La gente “real” me importa poco y generalmente evito los contactos sociales, pero me entretengo leyendo blogs. Gracias al blog me crucé con una de las chicas más simpáticas que he visto en los últimos tiempos, y con cinco o seis pibes que escriben infinitamente mejor que yo, con los que perfectamente organizaría una cena para charlar de libros, de cine y de minas, o con los que -si algún día editara una revista del estilo del New Yorker- podría armar una redacción de lujo.
También encontré a una chica a la que leo con tal fascinación que, si me la hubiera encontrado en la vida real, ya me tendría rendido a sus pies. En otro orden de cosas, leo a otra chica que tiene un serio problema de adicción y que está documentando en su blog, día a día, su propia autodestrucción.

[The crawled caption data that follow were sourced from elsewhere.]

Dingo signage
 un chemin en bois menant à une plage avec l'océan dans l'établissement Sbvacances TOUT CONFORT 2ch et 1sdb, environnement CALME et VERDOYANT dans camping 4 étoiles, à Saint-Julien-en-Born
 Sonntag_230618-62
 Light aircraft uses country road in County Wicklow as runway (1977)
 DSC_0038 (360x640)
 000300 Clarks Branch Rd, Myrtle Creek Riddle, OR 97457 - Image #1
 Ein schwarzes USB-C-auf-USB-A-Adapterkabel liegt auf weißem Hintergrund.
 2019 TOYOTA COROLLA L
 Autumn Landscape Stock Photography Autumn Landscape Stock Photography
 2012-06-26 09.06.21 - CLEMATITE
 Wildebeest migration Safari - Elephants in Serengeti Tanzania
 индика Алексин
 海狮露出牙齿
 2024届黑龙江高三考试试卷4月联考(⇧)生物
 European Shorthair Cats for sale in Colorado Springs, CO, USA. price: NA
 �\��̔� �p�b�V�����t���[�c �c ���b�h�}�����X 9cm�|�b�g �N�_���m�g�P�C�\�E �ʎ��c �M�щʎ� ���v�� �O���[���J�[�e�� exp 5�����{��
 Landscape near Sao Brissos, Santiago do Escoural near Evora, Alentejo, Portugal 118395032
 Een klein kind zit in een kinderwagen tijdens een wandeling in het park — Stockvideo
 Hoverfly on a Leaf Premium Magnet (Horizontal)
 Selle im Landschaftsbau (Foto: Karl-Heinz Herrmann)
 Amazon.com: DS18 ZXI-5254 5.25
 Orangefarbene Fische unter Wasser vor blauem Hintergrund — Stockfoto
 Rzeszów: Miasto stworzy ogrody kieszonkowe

A veces leo consternado sus textos, posteados a altas horas de la madrugada, llenos de frases incoherentes y de adjetivos alucinados, y no puedo evitar pensar que mientras todos dormimos, está debatiéndose en los bordes de un abismo del que parece no poder salir. Nunca le dejé un comment y no sabe que este blog existe, pero una vez le envié por mail un poema de Pavese y me respondió con dos frases inconexas en las que después reconocí dos versos de Eliot escritos al revés. Varias veces me pregunté de qué forma podría ayudarla, y frecuentemente la imagino escribiendo sus frases con la desesperación de quien está peleando la peor batalla de su vida y sin embargo se obliga a sí mismo a documentar cada una de sus derrotas.
Desde el principio, hay unas 120 a 140 visitas diarias, y de vez en cuando miro el registro de visitantes del counter. No deja de asombrarme que alguna gente lea el blog desde lugares como Australia, Canadá o incluso Irán: me cuesta imaginar a alguien leyendo estas líneas desde una ciudad iraní. Y los comments a veces incluyeron anécdotas, consejos, palabras de aliento o hasta poemas propios de gente que se interesó por lo que leyó acá.
Para alguien que, como yo, lleva años descreyendo del género humano, es bueno saber que esa gente sensible, inteligente, profundamente interesante, anda por ahí, dando vueltas, aunque uno nunca se los cruce en la vida.